Şumen’e bağlı köyde yaşayan Hristiyan ve Müslümanlar hoşgörü ve insani dayanışma örneğini veriyorlar

Photo: BNR-arşiv

Son yıllarda Bulgaristan’da gittikçe çok insan, şehirleri terkederek köylere yerleşiyorlar. Genç aileler ve yabancılar arasında izlenen bu eğilim, şehir ortamının gürültüsünden kaçış olmaktan öte, daha sakin, doğa ile uyumlu ve anlamlı hayattan yana yapılan bilinçli bir tercihtir. Bu konuda satılık arsa ve evlerin neredeyse kalmadığı Şumen’in Vırbyane köyü, güzel bir örnek veriyor. Devamlı oturan kişi sayısının 370 kadar olduğu köy, hafta sonlarında ve yaz mevsiminde kalabalıklaşıp canlanıyor. Vırbyane’de bir arada yaşayan Hristiyan ve Müslümanlar, her çeşit işlerde yardımlaşarak, bayramlarını birlikte kutlayarak, güçlü ve birbirine kenetlenmiş bir topluluk oluşturmuş durumdalar.

Yeni yerleşenler arasında Novi Pazar, Pliska ve Şumen gibi yakın şehirlerden olduğu gibi, İngiltere’den iki aile ve Hollanda’dan bir adam olmak üzere yurt dışından gelenler de var. Ağustos ayında ise uzun yıllardır İsveç’te yaşayan bir Bulgar kadını, Vırbyane’de gayri menkul satın aldı.

Köyün uzun yıllık muhtarı Nikolay Naydenov, BNR Şumen Radyosu muhabiri Ayşe Latif’e konuşurken suç olaylarının yaşanmaması ve su verilmesinde sıkıntı olmamasının Vırbyane’nin cazibesini artırdığını öne sürdü.

Sessiz ve sakin bir köy olan Vırbyane’de hırsızlık gibi olayların yıllardır yaşanmadığını belirten muhtar, şöyle devam etti:

Çoğunlukla Bulgar ve Türkler’den oluşan köy nüfusu, barış ve anlayış içinde yaşayan, çalışkan ve mutevazı insanlardır. Kilit önem taşıyan yerlerde bulunan 7 güvenlik kamerası ile köyün tamamı, sürekli takip altına alınmıştır” diyen Nikolay Naydenov, giriş ve çıkışta daha 3 kameranın kurulumunun devam ettiğini ve video takibinin caydırıcı ve önleyici etkisinin de olmasına ihtimal verdi.
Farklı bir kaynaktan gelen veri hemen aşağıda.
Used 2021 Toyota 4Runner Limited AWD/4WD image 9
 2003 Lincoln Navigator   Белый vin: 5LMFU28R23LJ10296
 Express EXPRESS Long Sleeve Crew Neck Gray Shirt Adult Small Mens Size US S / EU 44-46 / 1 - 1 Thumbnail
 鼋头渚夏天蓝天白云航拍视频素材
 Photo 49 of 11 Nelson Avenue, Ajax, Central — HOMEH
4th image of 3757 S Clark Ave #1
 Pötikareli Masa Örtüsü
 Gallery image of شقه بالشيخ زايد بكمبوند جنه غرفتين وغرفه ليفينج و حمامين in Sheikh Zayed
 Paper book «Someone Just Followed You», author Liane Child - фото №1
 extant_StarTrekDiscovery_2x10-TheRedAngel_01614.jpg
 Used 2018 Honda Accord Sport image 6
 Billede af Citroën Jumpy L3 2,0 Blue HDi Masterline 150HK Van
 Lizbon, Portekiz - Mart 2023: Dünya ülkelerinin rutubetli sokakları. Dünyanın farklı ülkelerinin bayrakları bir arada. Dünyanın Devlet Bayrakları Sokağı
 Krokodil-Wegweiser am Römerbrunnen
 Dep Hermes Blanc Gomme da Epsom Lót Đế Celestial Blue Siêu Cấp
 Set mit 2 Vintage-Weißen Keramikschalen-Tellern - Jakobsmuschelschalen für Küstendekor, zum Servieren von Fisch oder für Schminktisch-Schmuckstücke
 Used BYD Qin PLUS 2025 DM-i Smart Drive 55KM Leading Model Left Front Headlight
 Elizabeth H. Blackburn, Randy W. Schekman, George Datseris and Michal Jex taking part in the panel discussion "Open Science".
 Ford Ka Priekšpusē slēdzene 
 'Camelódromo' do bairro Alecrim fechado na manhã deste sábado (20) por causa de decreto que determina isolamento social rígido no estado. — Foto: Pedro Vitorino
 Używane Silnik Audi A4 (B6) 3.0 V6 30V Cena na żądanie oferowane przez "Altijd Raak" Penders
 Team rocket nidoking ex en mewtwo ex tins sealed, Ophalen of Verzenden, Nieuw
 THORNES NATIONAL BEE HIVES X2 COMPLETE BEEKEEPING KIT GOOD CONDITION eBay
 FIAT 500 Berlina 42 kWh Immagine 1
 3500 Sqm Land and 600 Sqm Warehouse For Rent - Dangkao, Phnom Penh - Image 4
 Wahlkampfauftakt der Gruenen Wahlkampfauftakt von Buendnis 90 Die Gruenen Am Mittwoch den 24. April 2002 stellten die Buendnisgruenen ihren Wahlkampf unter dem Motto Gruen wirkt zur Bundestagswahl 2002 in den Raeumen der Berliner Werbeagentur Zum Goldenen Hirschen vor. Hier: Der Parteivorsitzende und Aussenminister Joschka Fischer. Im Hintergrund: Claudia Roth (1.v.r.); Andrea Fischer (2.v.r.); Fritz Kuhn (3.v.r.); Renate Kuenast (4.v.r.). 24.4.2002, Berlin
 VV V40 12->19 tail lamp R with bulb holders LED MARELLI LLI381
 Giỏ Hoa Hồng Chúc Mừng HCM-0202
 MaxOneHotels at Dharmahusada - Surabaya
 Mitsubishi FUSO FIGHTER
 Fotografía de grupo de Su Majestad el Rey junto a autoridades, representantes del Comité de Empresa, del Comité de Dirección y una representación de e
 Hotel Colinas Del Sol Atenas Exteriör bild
Köy halkının çoğunluğunu oluşturan yalnız yaşayan yaşlıların huzurlu oldukları, akşam yatağa girerken birilerinin kapıyı kırıp içeri girecekleri, can veya malına kıyacakları, ya da şiddet uygulayacakları türünden korkular duymadıklarını öne süren Vırbyane muhtarı, köyün belediye merkezi olan Novi Pazar’a, bağlı olduğu belediye merkeziKaspiçan’a ve il merkezi Şumen’e olan yakınlığının da cazibesini artırdığını söyledi.

Ülkede su krizi yaşanırken köye su verilmesi konusunda sıkıntıların yaşanmaması da Vırbyane’de bulunan evlere talebi artırdığını, bununla birlikte neredeyse her evde kuyu olduğunu ve kuraklıktan dolayı debiler azalsa da suyun halkın bahçelerini sulamaları için yeterli olduğunu kaydetti.

Köyde elektrik iletim şebekesinde yapılan komple onarım çalışmaları yeni tamamlandı, bundan 60 yıl önce dikilen bazı elektrik direkleri yenileri ile değiştirildi.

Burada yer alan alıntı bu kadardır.